*DATASET ENTRIES*:
▬▬▬
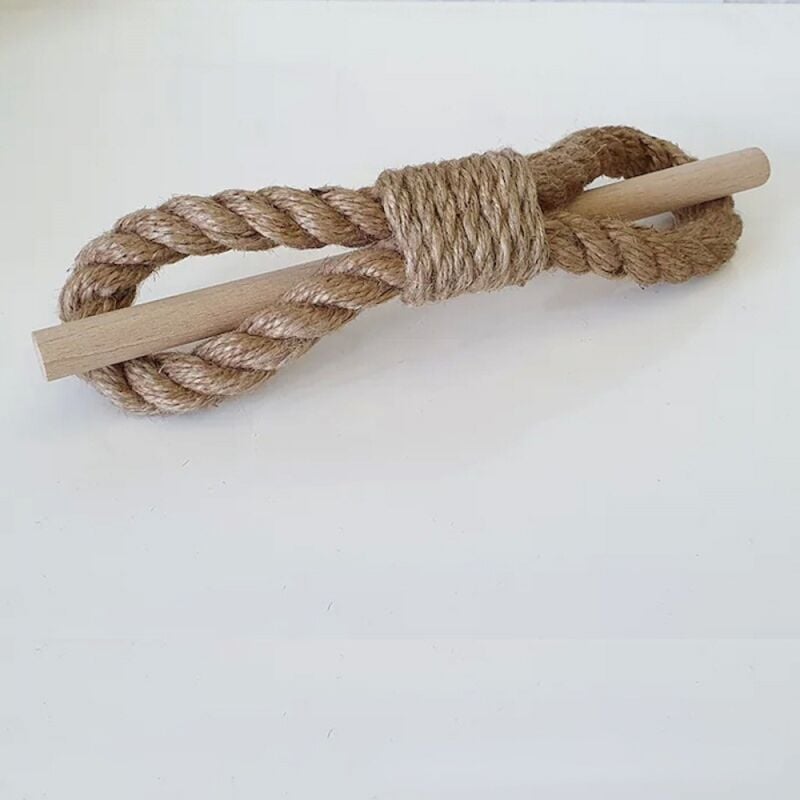 foto del prodotto set di 2 fermatende in stile boh mien khaki twine, 2 fatti a mano con corda di cotone e legno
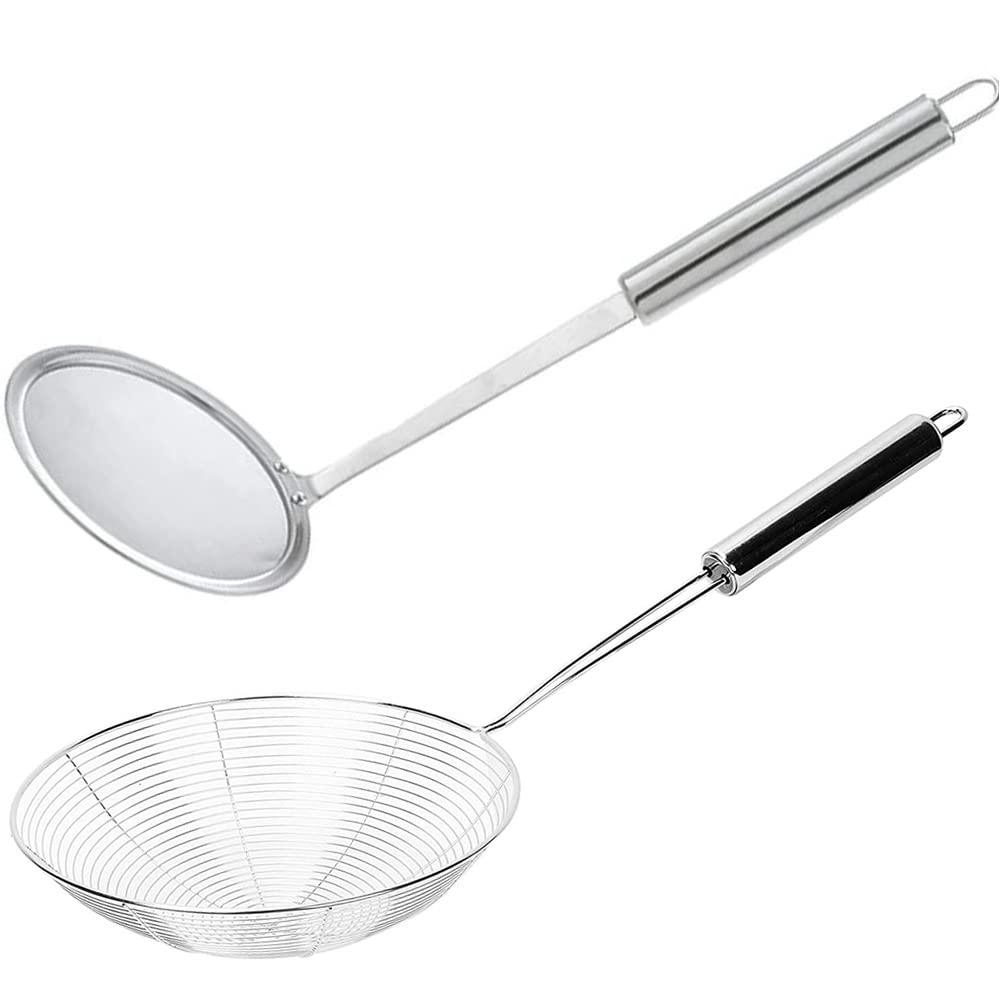 2 Pieces Spider Strainer Skimmer, Aieraczy Skimmer Spoon, Spider Cooking Utensil, Slotted Spoon, Stainless Steel Ladle Wire Spoon for Kitchen Cooking and Frying, Oil Filter, Pasta, Spaghetti, Noodle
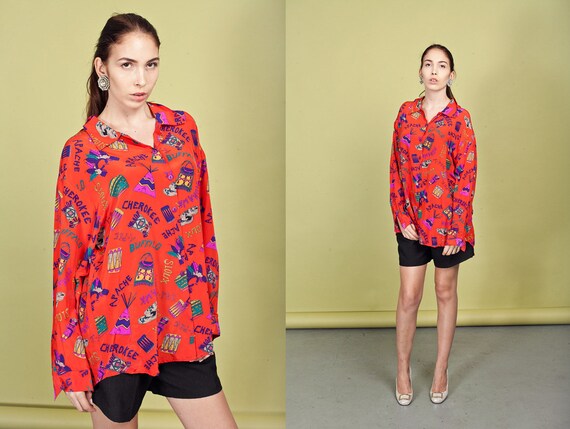 80s Red Silk Blouse Vintage Southwestern Silk Nati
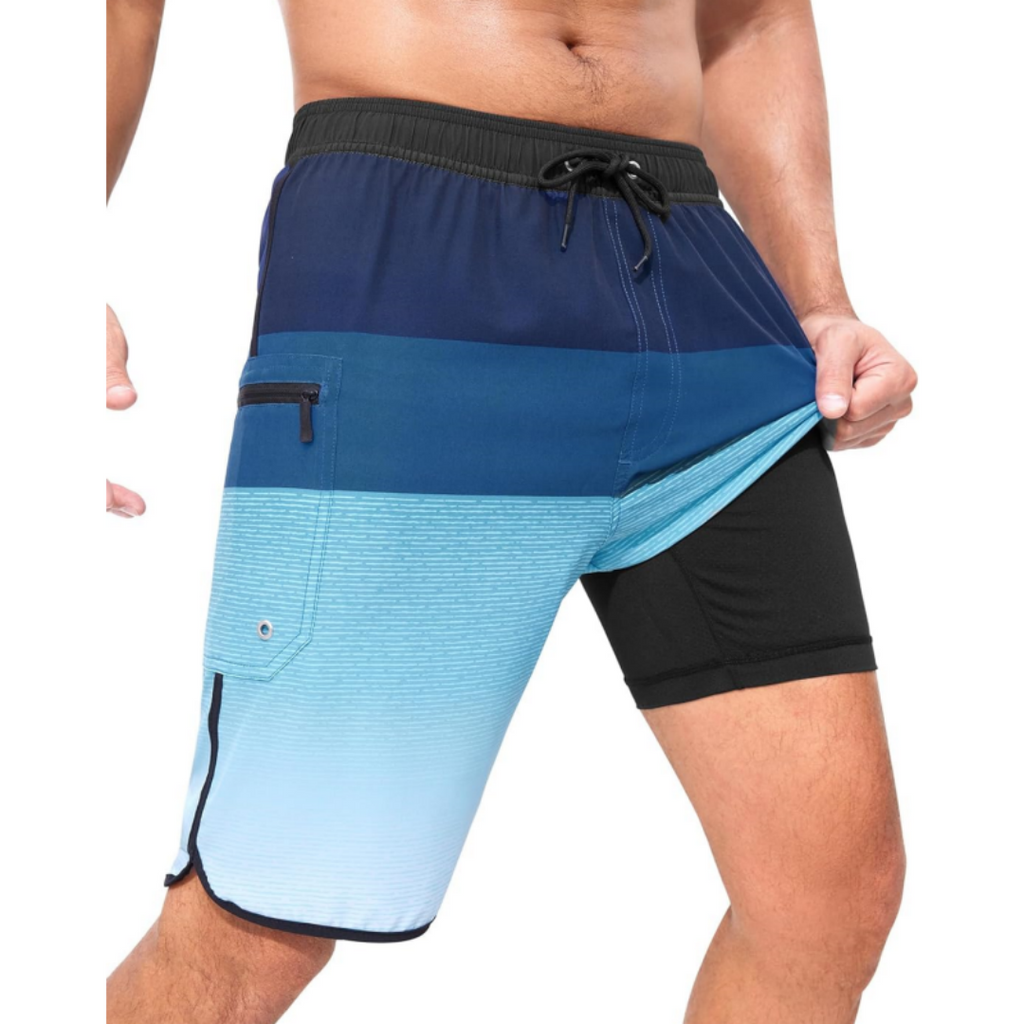 SILKWORLD Men's Swim Trunks with Compression Liner 9 Inch Suit 2 in 1 with Pockets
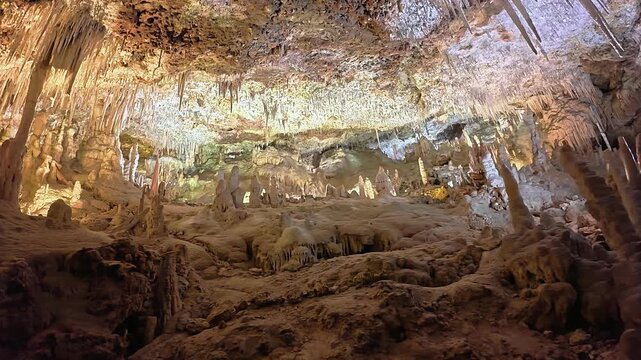 Textured limestone formations in an illuminated cave in Mallorca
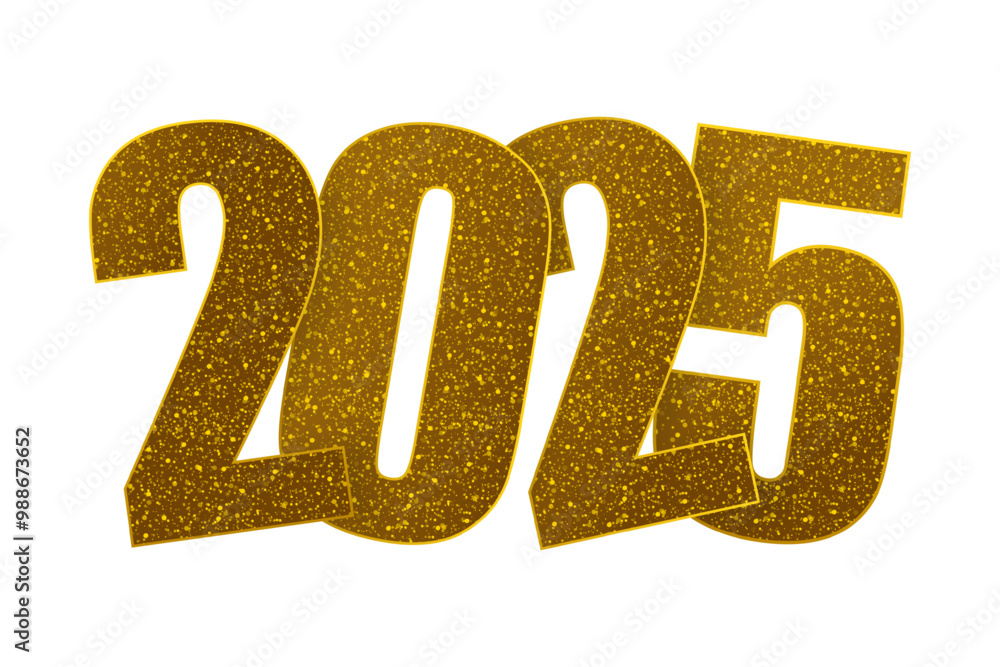 Vector illustration of Happy New Year 2025 text on transparent background Vector illustration of Happy New Year 2025 text on transparent background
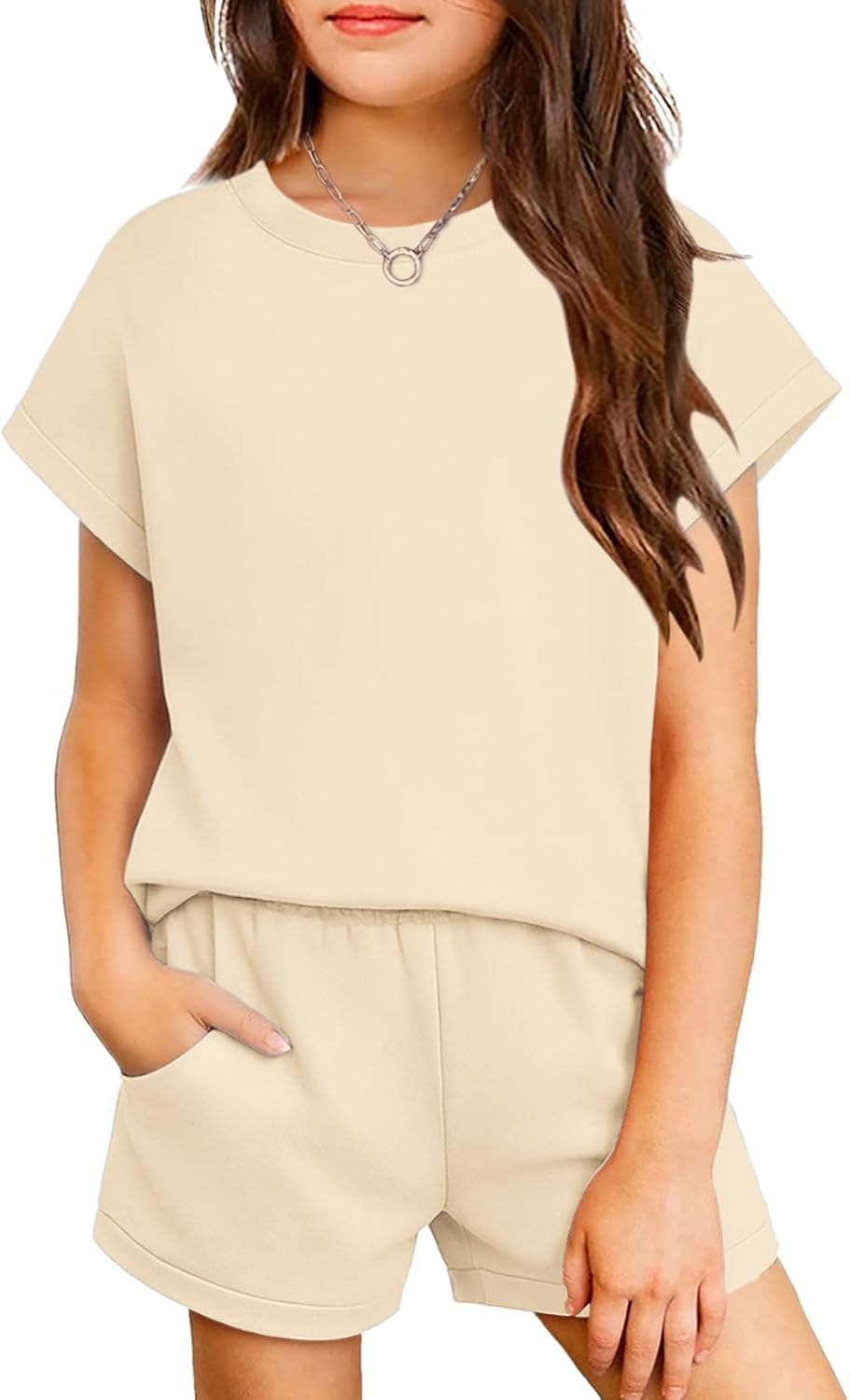 Arshiner Girls Summer 2 Piece Outfits Short Sleeve T Shirts Top and Shorts Clothing Sets with Pockets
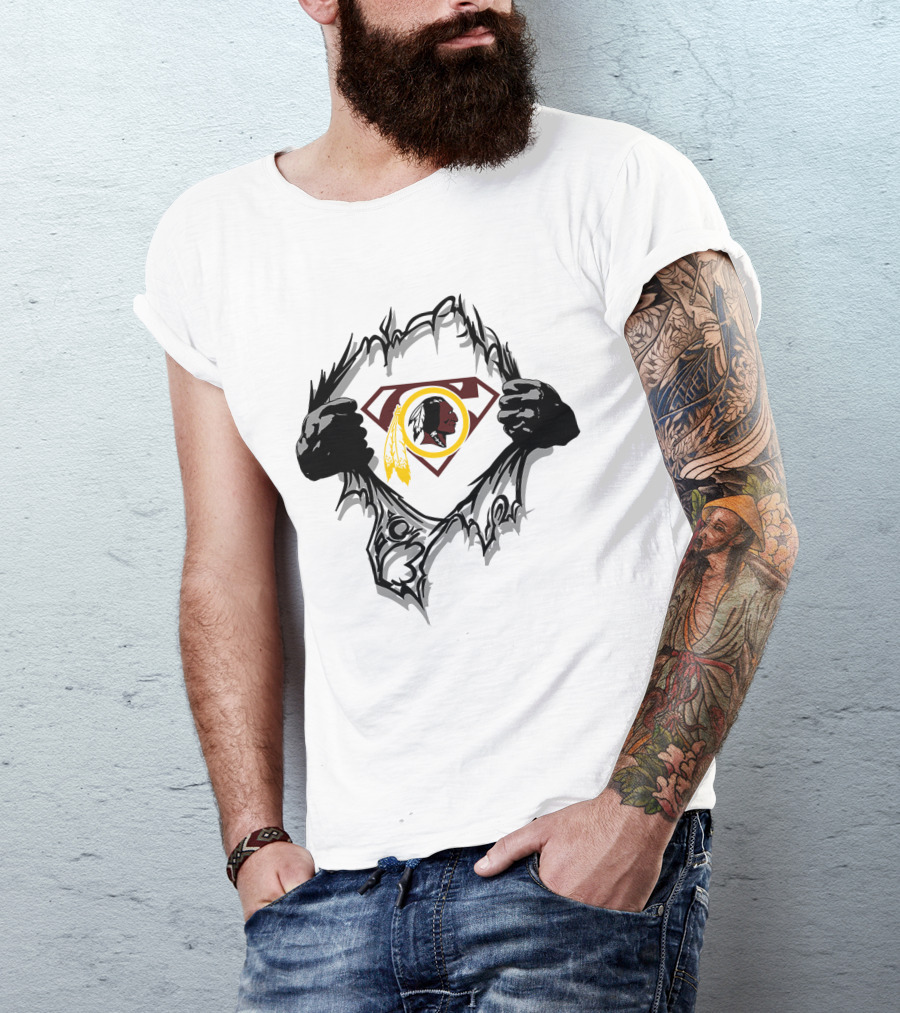 Redskins 01 Superman Logo Fan Crossover T-Shirt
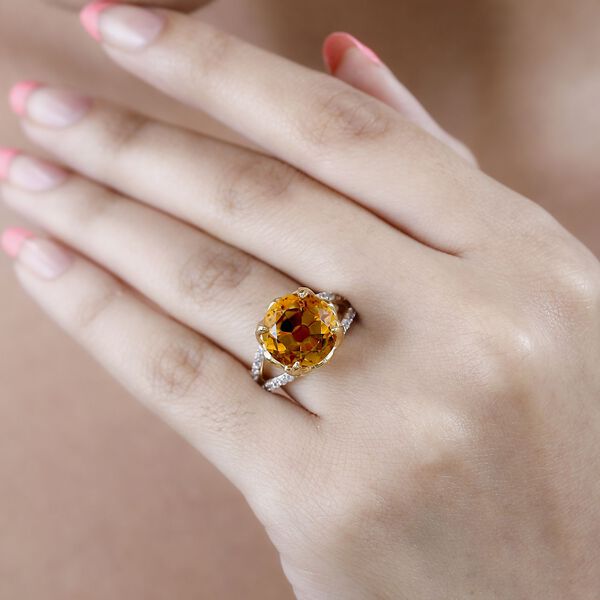 Citrin und Zirkon Ring- 8,04 ct. image number 3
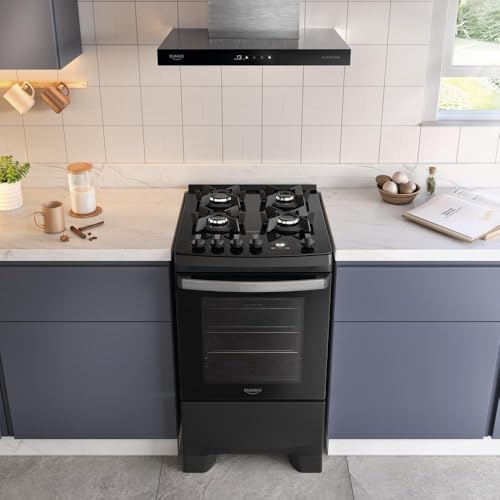 Fogão 4 Bocas Dako Supreme Black Glass Digital com Mesa de Vidro Preto Bivolt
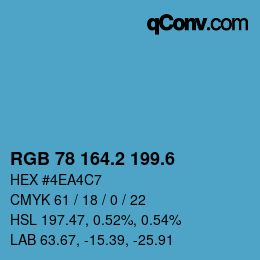 カラーコード: RGB 78 164.2 199.6 | qconv.com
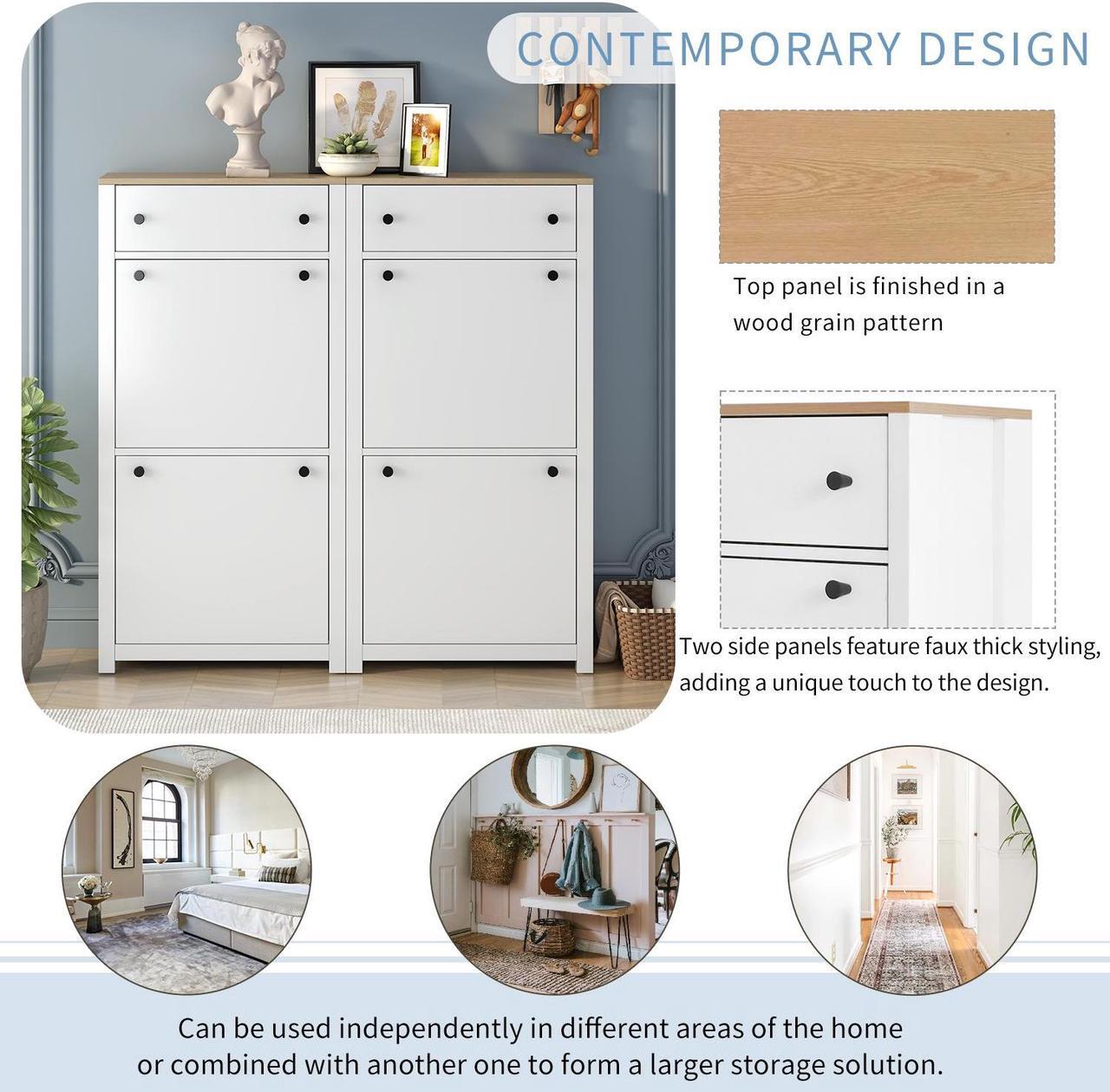 Alt view image 3 of 7 - ON-TREND Slim Shoe Cabinet Set with 4 Flip Drawers, Wood Grain Pattern Top Shoe Storage Solution with Adjustable Panel, Modern Style Shoe Rack with Drawers for Hallway, White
▬▬▬
*WHAT THIS TASK INVOLVES*: Here the requirement is to restate exactly the line holding "Citrin und Zirkon" and every later line through the end of the material, omitting pictures.

*ANSWER TO THIS EXERCISE*:
 Citrin und Zirkon Ring- 8,04 ct. image number 3
 Fogão 4 Bocas Dako Supreme Black Glass Digital com Mesa de Vidro Preto Bivolt
 カラーコード: RGB 78 164.2 199.6 | qconv.com
 Alt view image 3 of 7 - ON-TREND Slim Shoe Cabinet Set with 4 Flip Drawers, Wood Grain Pattern Top Shoe Storage Solution with Adjustable Panel, Modern Style Shoe Rack with Drawers for Hallway, White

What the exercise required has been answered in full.